Option A: Emergent (recommended) - Leave direction NULL for existing types - LLM decides on next use - Pure emergent approach
Option B: Pre-seed obvious types - Set direction for obvious cases (CAUSES→outward, RESULTS_FROM→inward) - Faster for common types - Less pure but practical
Option C: Batch categorization - Run one-time LLM job to classify existing types - Store decisions as if LLM made them during extraction - Middle ground
Success Criteria
- LLM provides direction for >95% of relationships (not defaulting to null)
- Direction error rate <10% (down from 35% baseline)
- Validation heuristics flag <5% suspicious patterns (acceptable false positive rate)

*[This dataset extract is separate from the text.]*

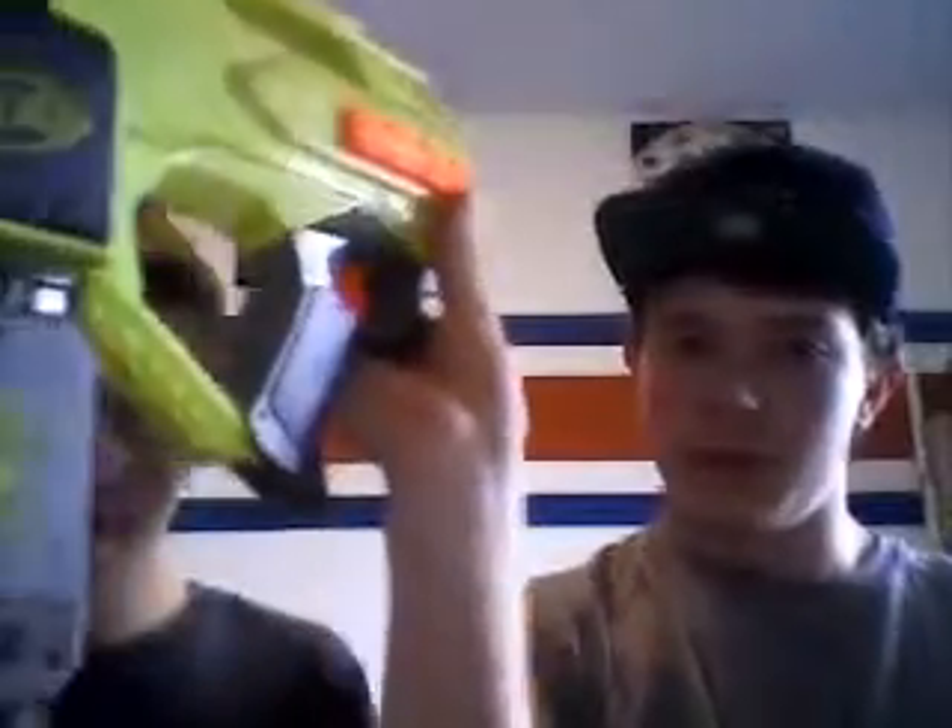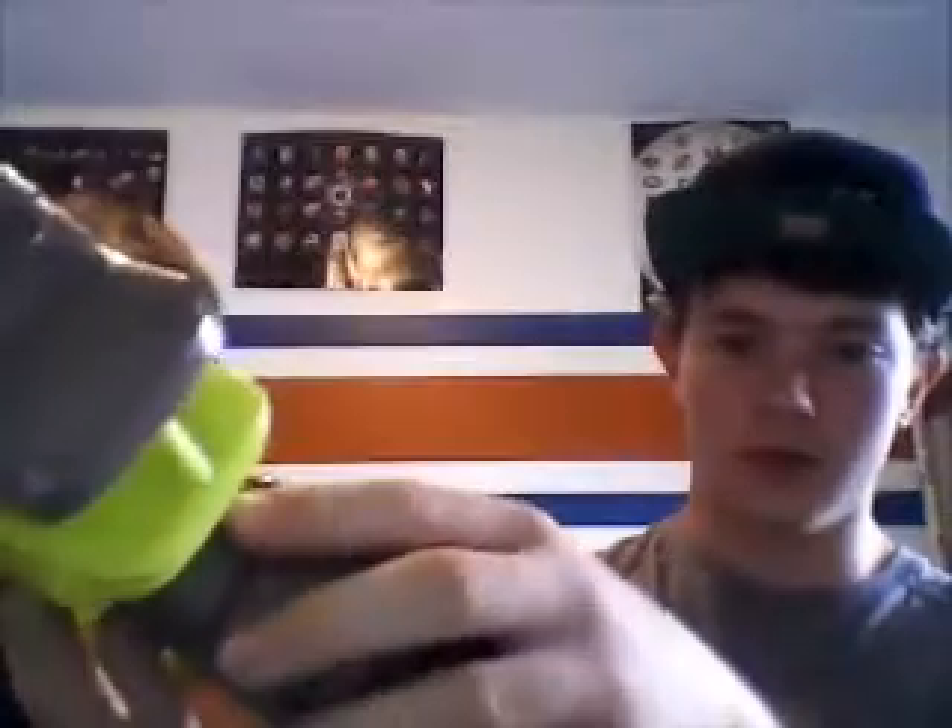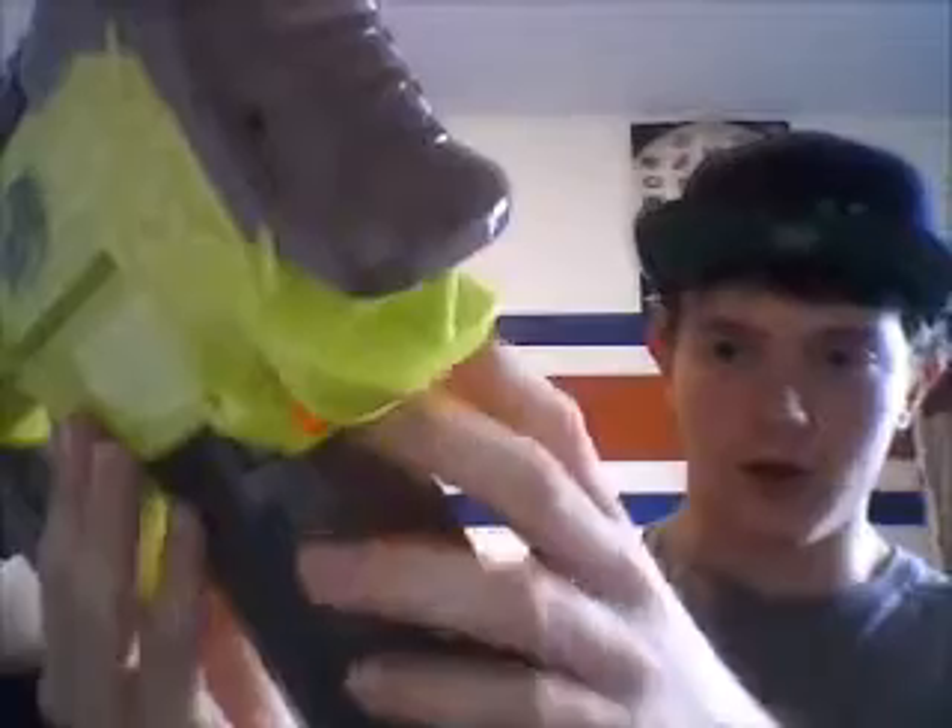There's an end strike barrel attachment right here, there's a tactical rail on top and right here on the side. This is the acceleration trigger right here, this is your firing trigger — you have to be holding the acceleration trigger to fire. That's the clip, and your access door is right here, and your clip release is this little orange piece right here.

- Query utility: Can filter by direction in graph traversals
- Pattern learning: Custom types show consistent direction patterns after 3+ uses
- No performance regression: <50ms overhead for direction processing
Example Scenarios
Scenario 1: Seed Type First Use
# LLM extracts using seed type "ENABLES"
{
"type": "ENABLES",
"direction_semantics": "outward", # LLM decided
"confidence": 0.9
}
# Storage (first use sets the pattern)
UPDATE relationship_vocabulary
SET direction_semantics = 'outward'
WHERE relationship_type = 'ENABLES';
# Graph node
(:VocabType {name: "ENABLES", direction_semantics: "outward", usage_count: 1})
# Next extraction sees:
"ENABLES (1 use, direction='outward')"
Scenario 2: Novel Vocabulary
# LLM creates "COMPETES_WITH"
{
"type": "COMPETES_WITH",
"direction_semantics": "bidirectional", # LLM reasoned: symmetric
"confidence": 0.85
}
# Storage
INSERT INTO relationship_vocabulary (
relationship_type,
category, # From embedding similarity
direction_semantics, # From LLM
is_builtin
) VALUES ('COMPETES_WITH', 'semantic', 'bidirectional', false);
# Graph node
(:VocabType {name: "COMPETES_WITH", direction_semantics: "bidirectional"})
# Next extraction sees:
"COMPETES_WITH (1 use, direction='bidirectional')"
Scenario 3: Direction-Aware Query
// Find what meditation enables (outward relationships)
MATCH (meditation:Concept {label: "Meditation"})-[r]->(target)
MATCH (v:VocabType {name: type(r)})
WHERE v.direction_semantics = 'outward'
AND v.category = 'causation'
RETURN target.label, type(r), r.confidence
ORDER BY r.confidence DESC
// Results:
// enlightenment, ENABLES, 0.92
// awareness, FACILITATES, 0.88
// growth, ENABLES, 0.85
References
- ADR-047: Probabilistic Vocabulary Categorization (emergent categories)
- ADR-048: Vocabulary Metadata as First-Class Graph
- ADR-025: Dynamic Relationship Vocabulary (allows custom types)
- ADR-022: Semantic Relationship Taxonomy (30 seed types)
- ADR-042: Local LLM Inference (extraction quality comparison showing 35% direction errors)
Related Documentation
docs/development/vocabulary-direction-analysis.md- Initial analysisdocs/development/relationship-semantics-comparison.md- How others handle direction
This ADR establishes direction as the third dimension of relationship semantics: 1. Category (computed via embeddings, ADR-047) 2. Confidence (per relationship, LLM-determined) 3. Direction (per type, LLM-determined, this ADR) ✨
Together, these three orthogonal properties enable rich semantic queries while maintaining the emergent, satisficing approach that characterizes this system's architecture.